Sorry for the poor title but I didn't have a better way to phrase it...
So there's this amazing game by Nintendo (yes!) on Wii called WiiPlay. There're 9 minigames in it, and my favorite one is called Tanks!. It's about destroying COM enemy tanks without getting yourself destroyed. Here's a screenshot of a level:
One way to destroy tanks is by firing bullets. There's this lime green enemy tank which fires high-speed bullets that ricochet (against the walls and blocks) twice. You can see how the player tank can get instantly destroyed if it stays at where it is now, as that lime tank in the center can fire a bullet that follows the green path I drew on the image.
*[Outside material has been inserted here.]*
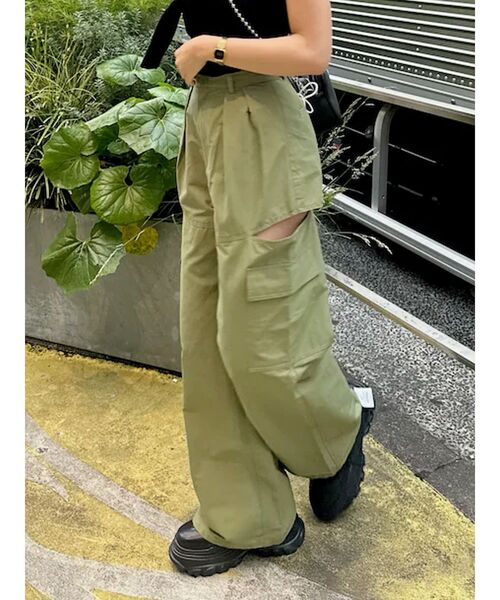 EVRIS（エヴリス）の「サイドオープンパラシュートパンツ（カーゴパンツ・レディース・ブラック/カーキ・SMALL/MEDIUM）」の4枚目の写真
As an amateur programmer myself I have been wondering how can the lime tank determine at which direction it should fire at to smite the player tank.
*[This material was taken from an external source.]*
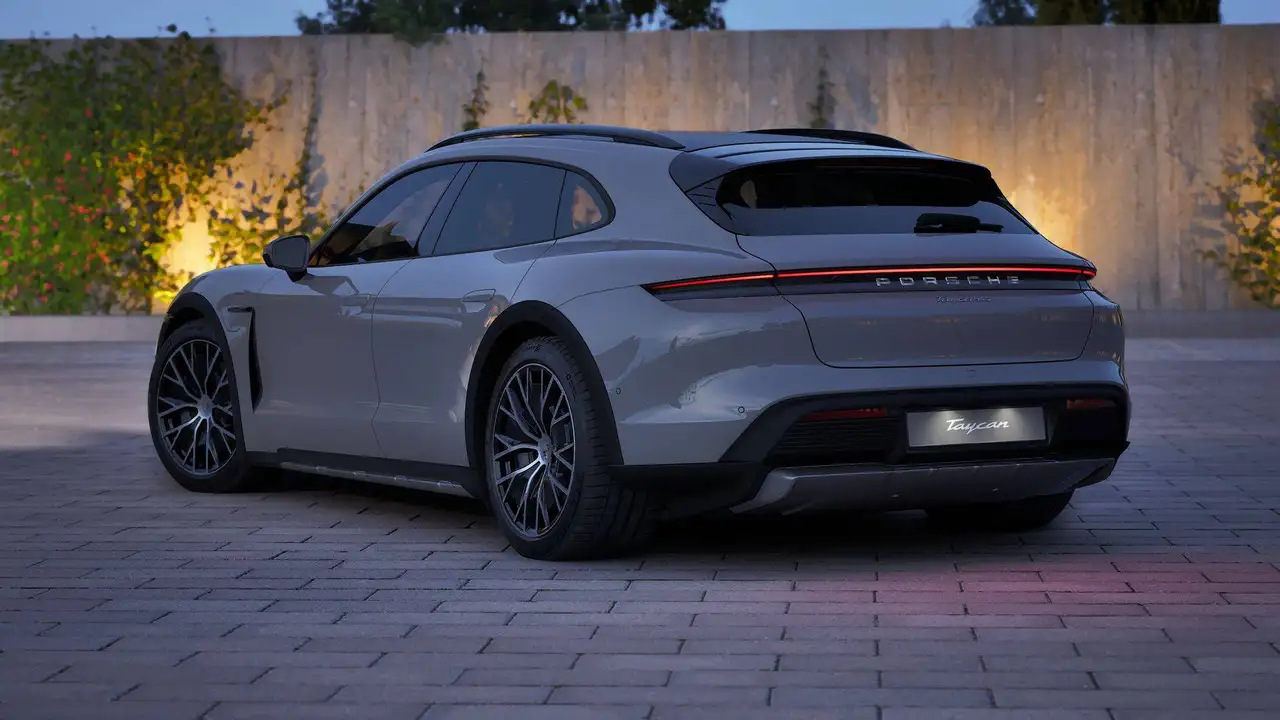 Porsche Taycan - 12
I thought about it myself but didn't came up with any possible algorithm. I'll explain my conclusions in case they inspire someone. Just for simplicity during my explanation, I assume a wall to be any surface against which a bullet can ricochet. An isolated rectangle of blocks thusly form four walls.
I concluded that the 2 points at which the bullet ricochets always either lie on one side of a parallelogram or become opposite vertices of a parallelogram. The firing enemy tank and the player tank it aims are not necessarily the other 2 vertices but definitely lie on the lines colinear to either of the four sides of the parallelogram. Here is an illustration of the 4 possible ways a parallelogram can be formed:
HOR-VER means the bullet first hits a horizontal wall, then it hits a vertical wall.
And then I'm stuck. I thought about moving around a line that connects the enemy tank and the player tank around the map to see if it forms a parallelogram with any two hits with any wall, but this does not always work because the enemy tank and the player tank are not necessarily coincidental with the vertices of the parallelogram.
Also, I'm not sure of the general flow of the algorithm. Does the algorithm take any of the following 2 structures, or maybe I am wrong with both of these?
- Keep figuring out possible paths and always mark one as the best (can be the shortest, the most obscure, the most inescapable, or a combined and weighted assessment based on multiple criteria) and forget about the rest. The one left after all calculation is the best one to take.
- First determine all walls first reachable with the bullet (the bullet needs not ricochet against any other wall in order to reach each of these walls), then determine all reachable ranges on each of these walls (it is sometimes impossible to reach a faraway point on a wall without ricochet if another wall stands near you), then again determine all reachable walls with a ricochet, and all ranges reachable on these walls. These 4 processes can be done by a way similar to ray-tracing. During each process, if the player tank is hit by any ray, figure out the bullet path according to that ray.
In my opinion, this algorithm is hard to figure out because:
- a bullet can be fired in any direction; and
- there are infinitely many points on any wall, as in mathematics, where there are infinitely many points on a line.
But Nintendo people made it anyway, so... anybody with an idea?